NOTE: This class will be held in a live, online format using the Zoom Platform
Class meets Sat/Sun for two consecutive weekends from 12-3pm ET
We have all made thousands upon thousands of photos—we store them on our mobile devices, save them on hard-drives, and many are gathering dust in family albums. Some of you may have outstanding singular images that just don’t seem to fit within a larger cohesive project. These types of photographs are often shelved, never to be experienced by a viewing public.
This four-session, online workshop will provide you with new strategies for constructing a compelling narrative from a seemingly disparate collection of images. Photographs are hieroglyphs—a malleable and complex collection of characters and symbols that can be carefully arranged to communicate transformative ideas. In this workshop we will edit, sequence, manipulate, and carefully arrange images from your archive to construct a powerful visual text. This exercise will help you begin to identify a powerful psychological dialogue that exists between images when viewed sequentially.
This workshop is ideal for those that are wanting to break from convention—those that are seeking out new modes of photographic expression and challenging the notion of a traditional “body of work.” If you plan to publish or design a photography book in the near future, this workshop will help you rethink the way photos might be sequenced and arranged.

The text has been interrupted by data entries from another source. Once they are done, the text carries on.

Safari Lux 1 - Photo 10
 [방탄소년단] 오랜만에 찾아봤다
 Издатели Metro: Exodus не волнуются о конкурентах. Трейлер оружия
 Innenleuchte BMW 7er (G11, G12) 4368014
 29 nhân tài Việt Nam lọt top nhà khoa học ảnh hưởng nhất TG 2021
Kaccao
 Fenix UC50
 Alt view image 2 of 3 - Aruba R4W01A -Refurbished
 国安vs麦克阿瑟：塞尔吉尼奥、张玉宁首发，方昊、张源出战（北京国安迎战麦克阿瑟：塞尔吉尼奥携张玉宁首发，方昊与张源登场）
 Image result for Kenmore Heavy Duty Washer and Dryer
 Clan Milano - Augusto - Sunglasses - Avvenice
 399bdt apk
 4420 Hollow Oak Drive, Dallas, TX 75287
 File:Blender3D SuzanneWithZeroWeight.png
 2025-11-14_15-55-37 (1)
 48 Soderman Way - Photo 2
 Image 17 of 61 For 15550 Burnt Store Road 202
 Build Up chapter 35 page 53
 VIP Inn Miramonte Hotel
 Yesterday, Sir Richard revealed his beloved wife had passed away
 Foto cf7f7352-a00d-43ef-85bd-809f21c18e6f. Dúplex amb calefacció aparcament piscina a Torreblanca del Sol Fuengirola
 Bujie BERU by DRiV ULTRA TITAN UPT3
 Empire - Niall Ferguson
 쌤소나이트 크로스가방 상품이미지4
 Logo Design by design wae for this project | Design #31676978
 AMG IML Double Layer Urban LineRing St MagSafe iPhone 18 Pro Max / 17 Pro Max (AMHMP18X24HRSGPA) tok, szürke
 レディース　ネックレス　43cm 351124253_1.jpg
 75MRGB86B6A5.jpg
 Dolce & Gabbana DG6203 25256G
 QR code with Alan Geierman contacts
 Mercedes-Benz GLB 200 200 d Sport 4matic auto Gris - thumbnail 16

All images: ©Daniel W. Coburn
Instructor: Daniel W. Coburn
Daniel W. Coburn was born in San Bernardino, California in 1976. His work and research investigates the family photo album as one component of a visual infrastructure that supports the flawed ideology of the American Dream. Coburn's friends and family members confront his camera to construct a potent amendment to the idealized family album. Daniel's projects illuminate important issues that are often suppressed in traditional family albums. In doing so, he intends to expand the perimeter of visual information considered for inclusion in new iterations of the family album. Coburn's prints are held in collections at major institutions including the Museum of Contemporary Photography at Columbia College, The Marianna Kistler Beach Museum of Art, and the University of New Mexico Art Museum. His photographs have been the subject of solo exhibitions at the Mulvane Art Museum, Silver Eye Center for Photography, Filter Photo Space and La Fototeca Gallery. Photographs from Daniel's comprehensive body of work have appeared in numerous international group exhibitions including Álbum de Família at Centro Municipal de Arte Hélio Oiticica, in Rio de Janeiro, Brazil. His first monograph, The Hereditary Estate, was published by Kehrer Verlag in 2015. Daniel Coburn is a recipient of a 2017 John Simon Guggenheim Memorial Fellowship. He was named as a finalist for the Arnold Newman Prize for New Directions in Photographic Portraiture the same year. Coburn received his MFA with distinction from the University of New Mexico in 2013. He served as Assistant Professor of Photography at the University of Kansas for five years. Daniel currently resides in Chicago, Illinois where he continues his work as an independent artist and educator.